Forget about all the more complex math symbols for now, because you don’t need them.
The basics are super simple. Data, represented by x0, travels through the connections between the neurons. The strength of the connections are represented by their weights (w0x0, w1x1, etc). If the signal is strong enough, it fires the neuron via its “activation function” and makes the neuron “active.”
Here is an example of a three layer deep neural net:
By activating some neurons and not others and by strengthening the connections between neurons, the system learns what’s important about the world and what’s not.
Building and Training a Neural Network
Let’s take a deeper look at deep learning and write some code as we go. All the code is available on my Github here.
The essential characteristics of the system are:
- Training
- Input data
- Layers
- Weights
- Targets
- Loss function
- Optimizer function
- Predictions
Training
Training is how we teach a neural network what we want it to learn. It follows a simple five step process:
- Create a training data set, which we will call x and load its labels as targets y
- Feed the x data forward through the network with the result being predictions y’
- Figure out the “loss” of the network, which is the difference between the predictions y’ and the correct targets y
- Compute the “gradient” of the loss (l) and which tells us how fast we’re moving towards or away from the correct targets
- Adjust the weights of the network in the opposite direction of the gradient and go back to step two to try again
Input Data
In this case the input data to a DCNN is a bunch of images. The more images the better. Unlike people, computers need a lot of examples to learn how to classify them. AI researchers are working on ways to learn with a lot less data but that’s still a cutting edge problem.
A famous example is the ImageNet data set. It consists of lots of hand labeled images. In other words, they crowd sourced the humans to use their built in neural nets to look at all the images and provide meaning to the data. People uploaded their photos and labeled it with tags, like “dog”, or a specific type of dog like a “Beagle.”
Those labels represent accurate predictions for the network. The closer the network gets to matching the hand labeled data (y) with their predictions (y’) the more accurate the network grows.
The data is broken into two pieces, a training set and testing set. The training set is the input that we feed to our neural network. It learns the key features of various kinds of objects and then we test whether it can accurately find those objects on random data in the test image set.
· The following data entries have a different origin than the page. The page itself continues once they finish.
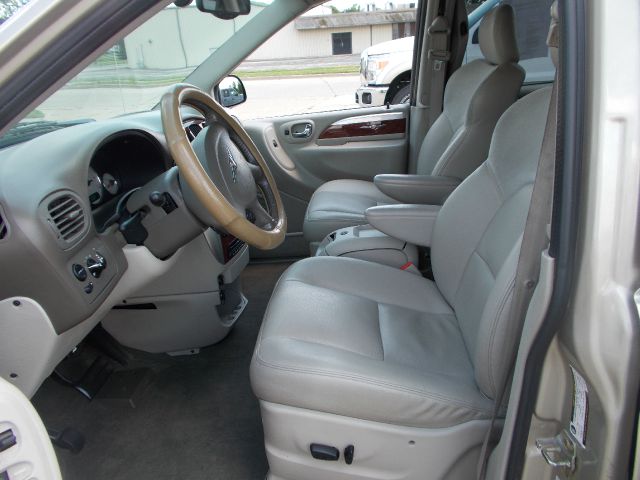 Chrysler 200 2005 photo 2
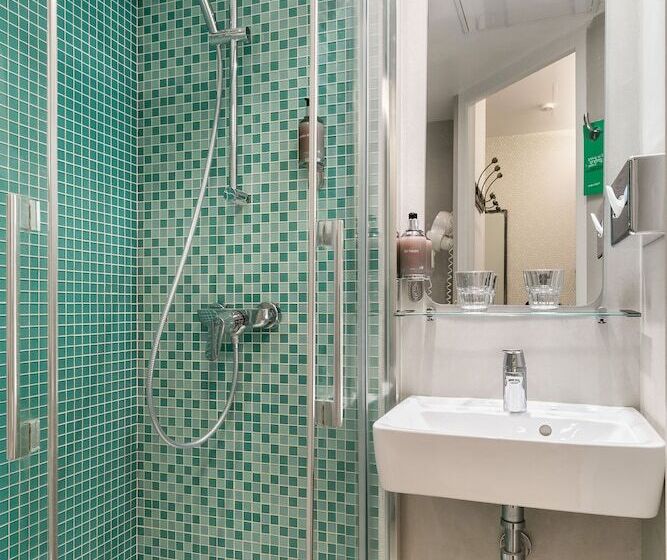 غرفة قياسية, Ohm By Happyculture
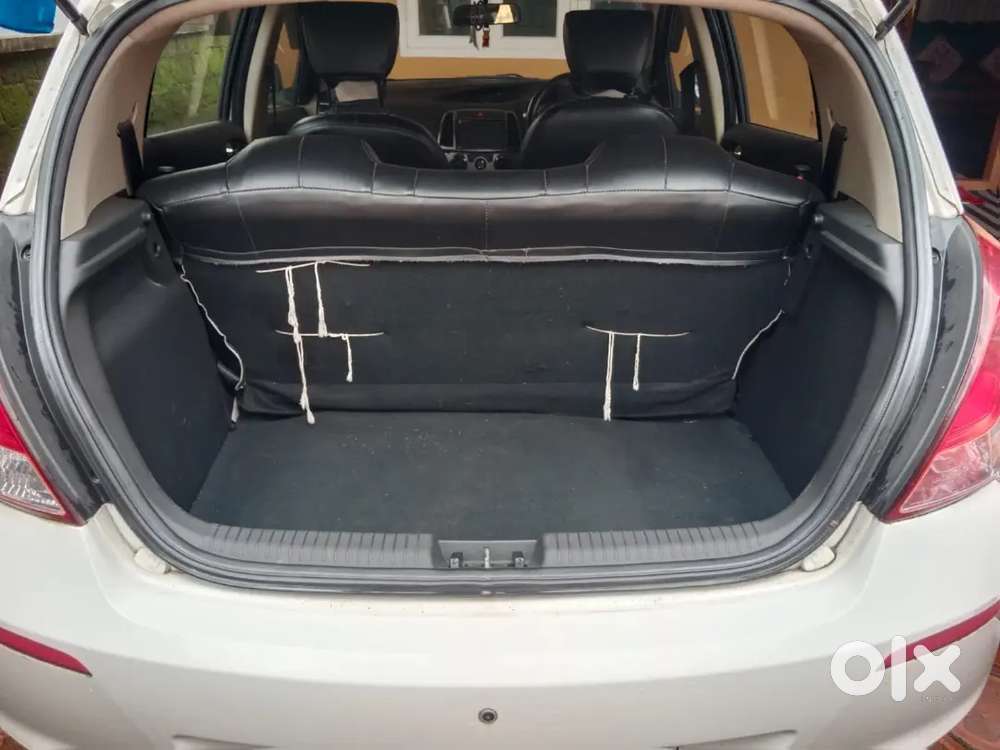Hyundai I20 Era Petrol Well Maintained Car And Good Condition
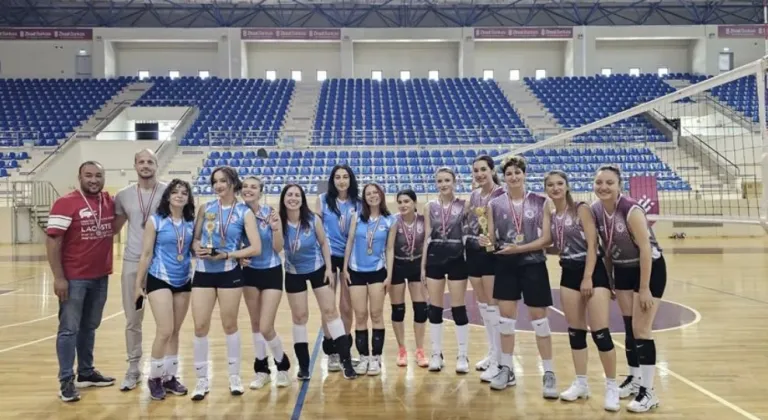 ESTÜ’de voleybol kupaları sahiplerini buldu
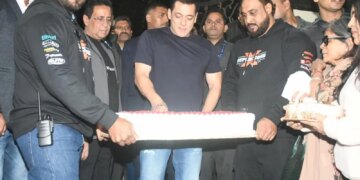 There was a crowd of stars in Bhaijaan's birthday party, from MSD to ex-girlfriend, know who all attended.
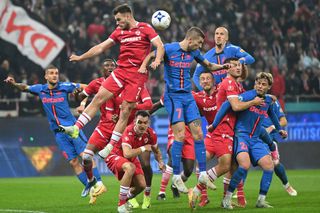 Problemele la genunchi i-au adus finalul aventurii la FCSB » Gigi Becali nu s-a temut degeaba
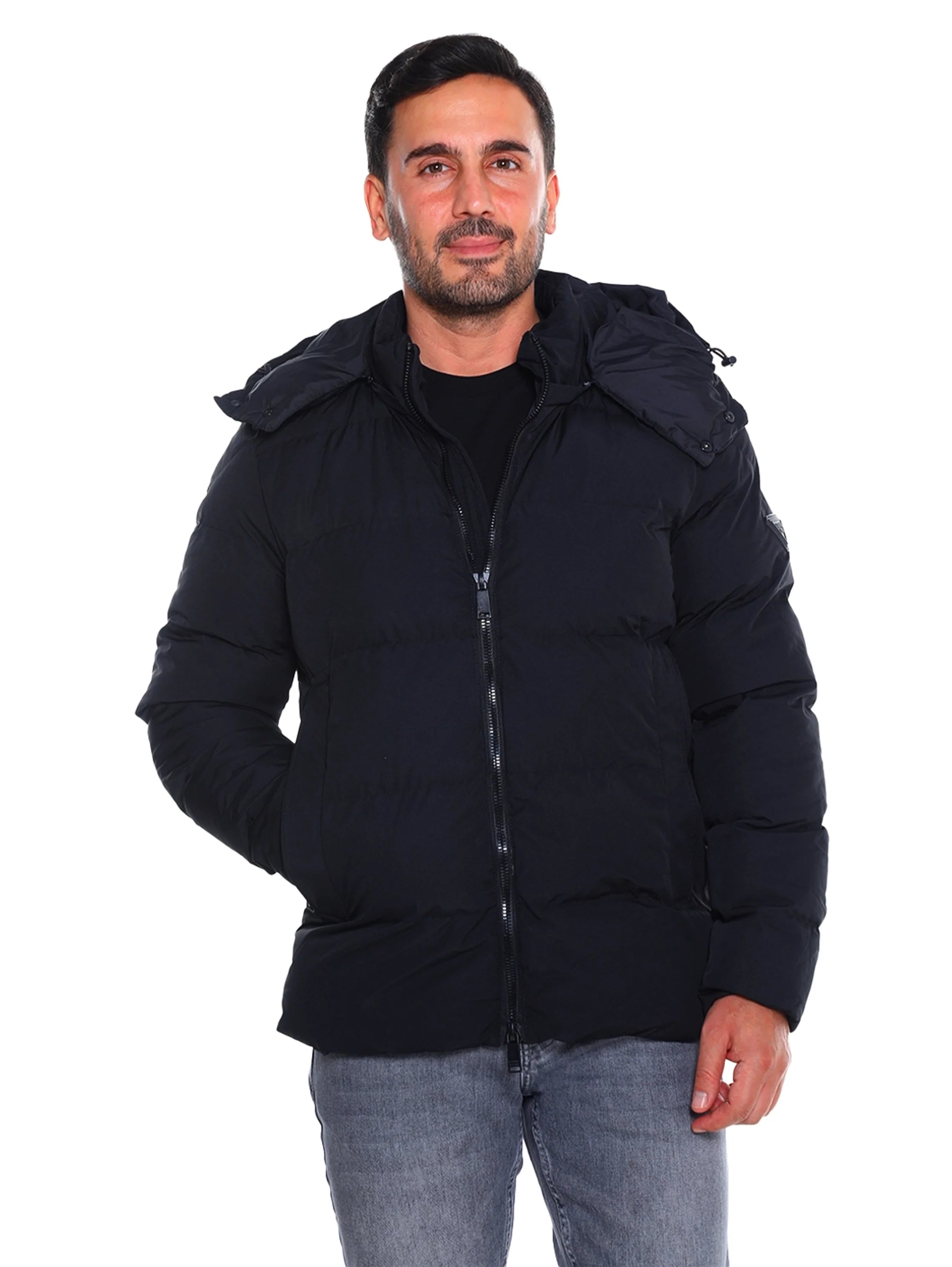 Black Puffer Warme Jacket With Attached Hood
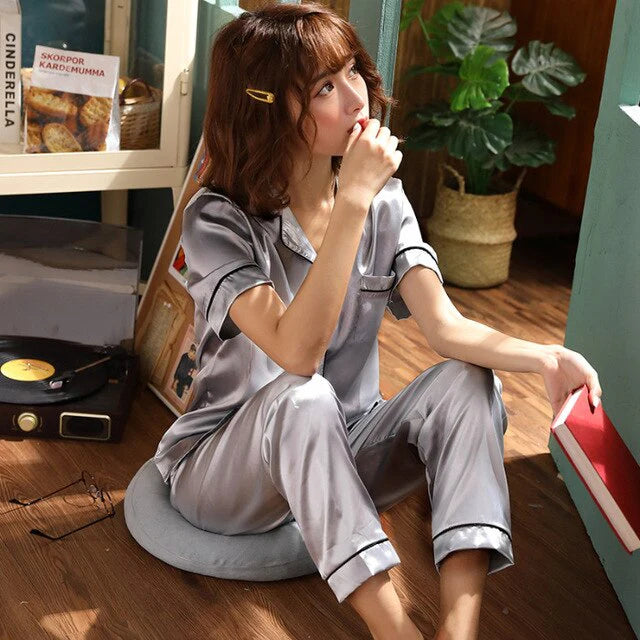 Pyjama Satin Gris Léger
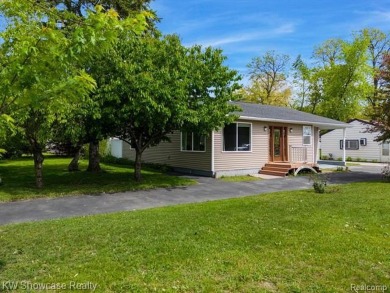 LOCATION LOCATION, CLEAN UPDATED 2 BDRM, 2 BATH, RANCH IN on Bay Pointe Golf Club in Michigan - for sale on GolfHomes.com, golf home, golf lot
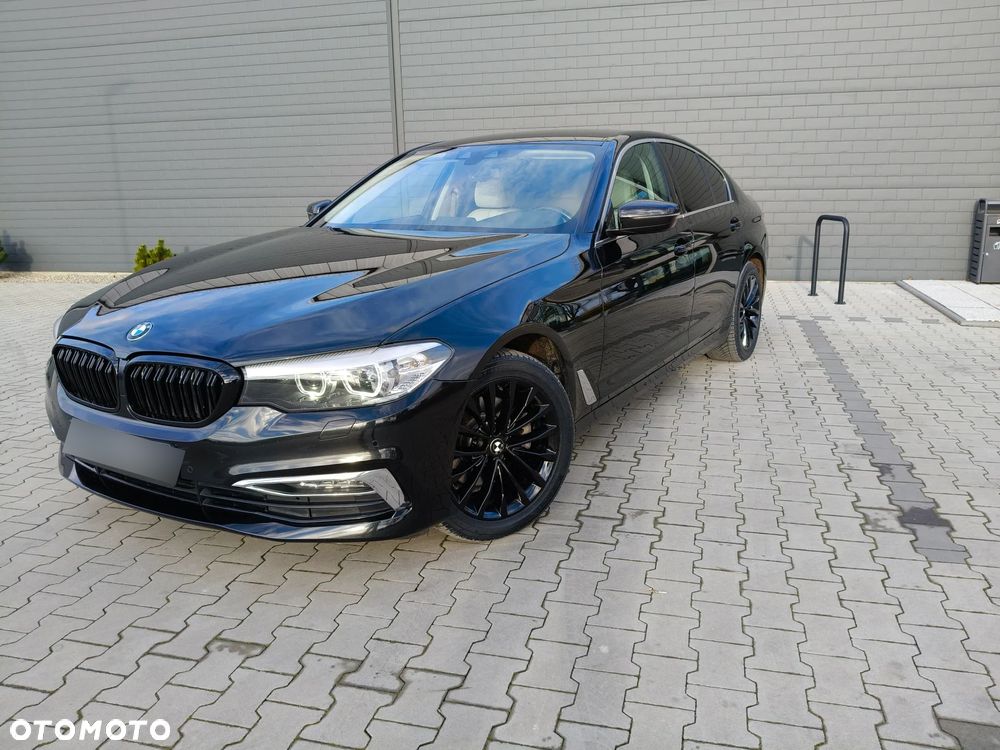 BMW Seria 5 520d xDrive Luxury Line sport - 11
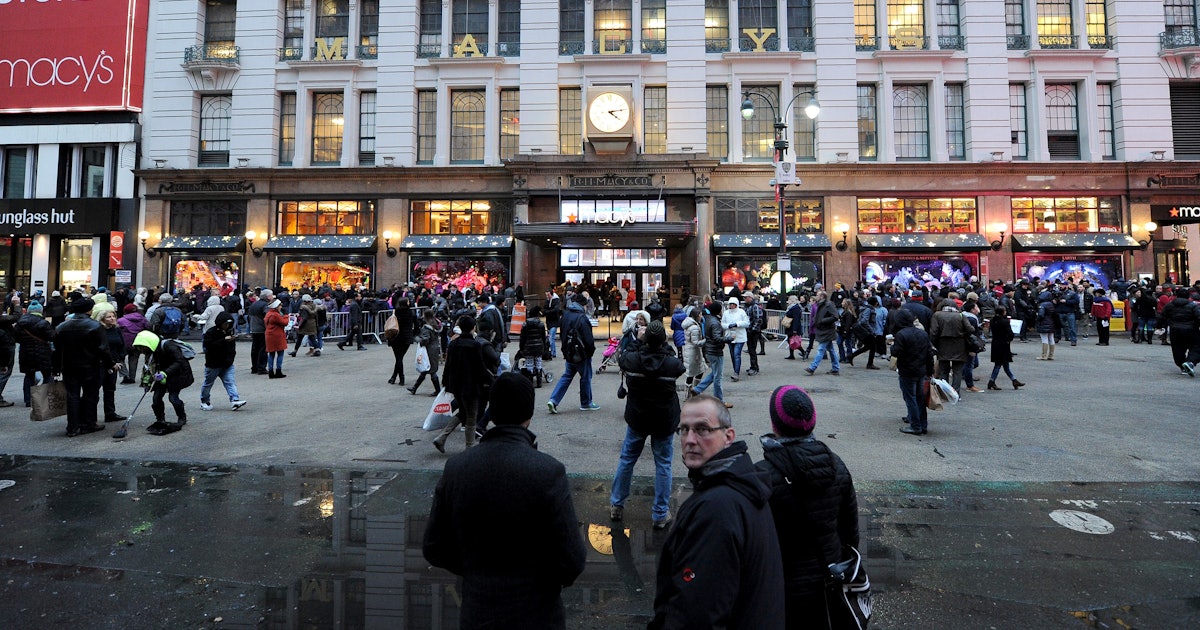 Macy&#39;s 2018 Black Friday Hours Will Give You PLENTY Of Time To Shop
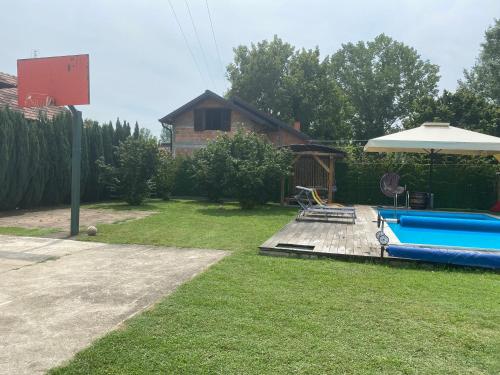 Der Swimmingpool an oder in der Nähe von Vikendica Dunja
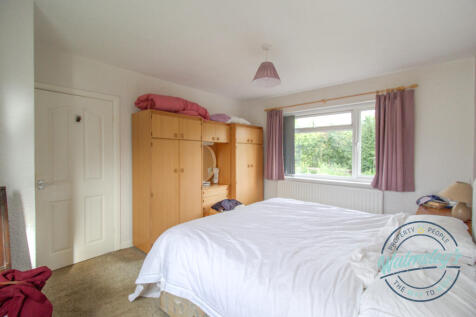 Dual aspect main bedroom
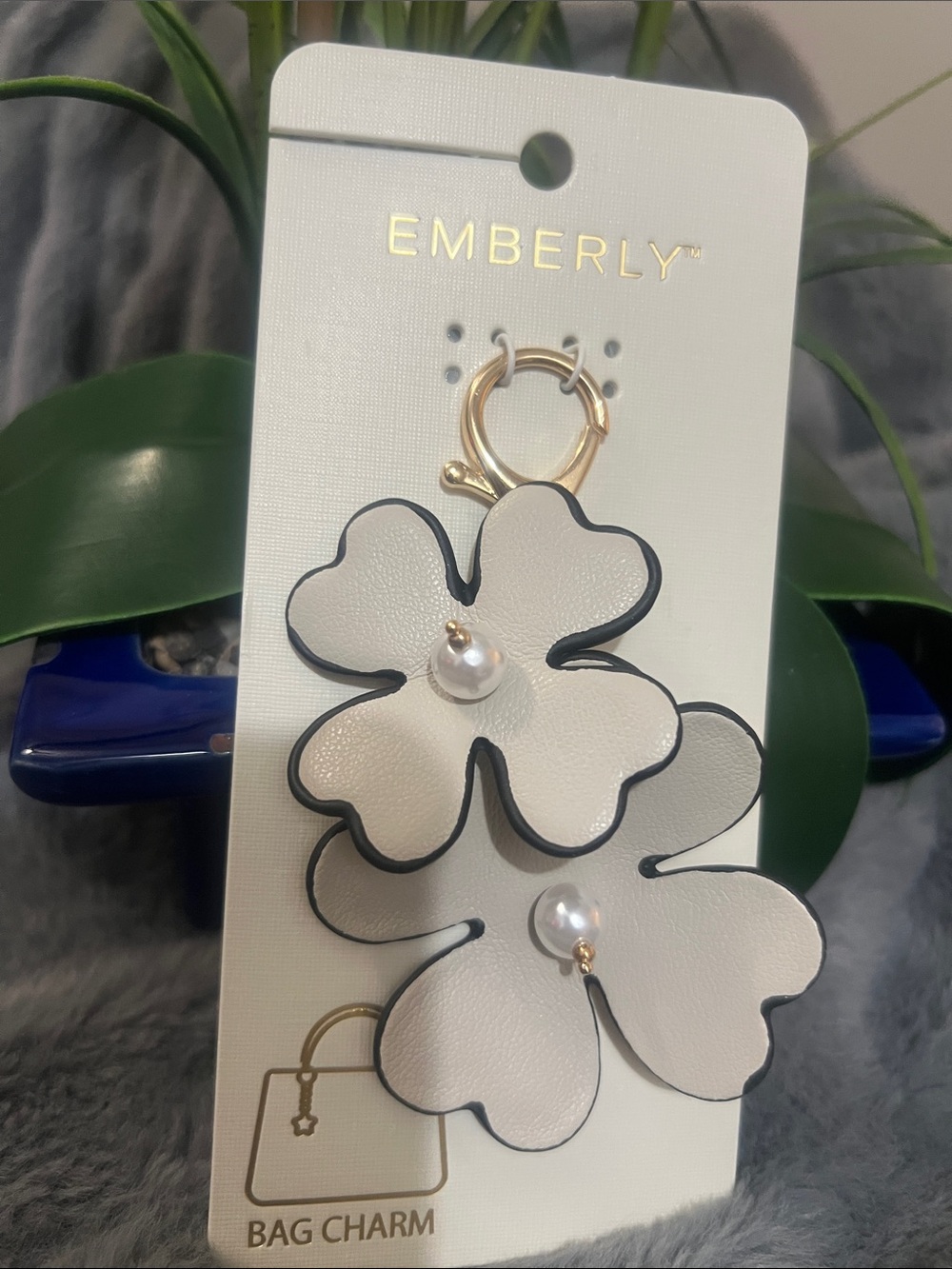 Emberly White Floral Pearl Bag Charm Keyring NWT - Picture 2 of 3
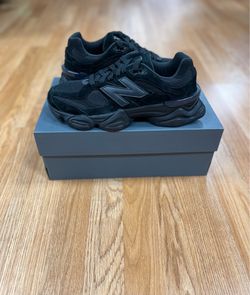 New balance 9060 all black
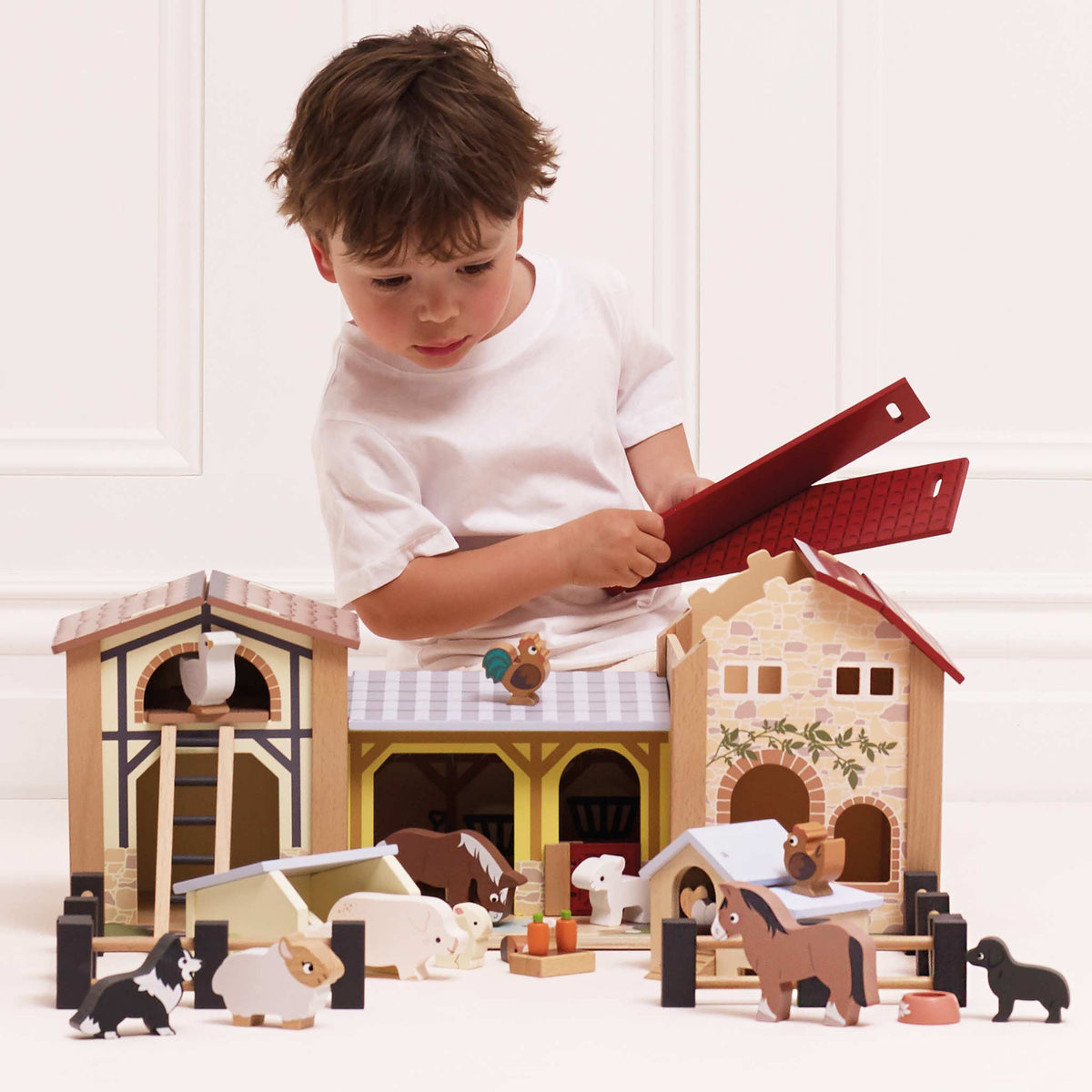 Le Toy Van - Wooden Farmyard Stables - Preschool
In our program we’ll use the well known CIFAR-10 dataset which was developed by the Canadian Institute for Advanced Research.
CIFAR-10 has 60000 32x32 color images in 10 classes, with 6000 images per class. We get 50000 training images and 10000 test images.
When I first started working with CIFAR I mistakenly assumed it would be an easier challenge than working with the larger images of the ImageNet challenge. It turns out CIFAR10 is more challenging because the images are so tiny and there are a lot less of them, so they have less identifiable characteristics for our neural network to lock in on.
While some of the biggest and baddest DCNN architectures like ResNet can hit 97% accuracy on ImageNet, it can only hit about 87% on CIFAR 10, in my experience. The current state of the art on CIFAR 10 is DenseNet, which can hit around 95% with a monstrous 250 layers and 15 million parameters! I link to those frameworks at the bottom of the article for further exploration. But it’s best to start with something simpler before diving into those complex systems.
Enough theory! Let’s write code.
If you’re not comfortable with Python, I highly, highly, highly recommend Learning Python by Fabrizio Romano. This book explains everything so well. I’ve never found a better Python book and I have a bunch of them that failed to teach me much.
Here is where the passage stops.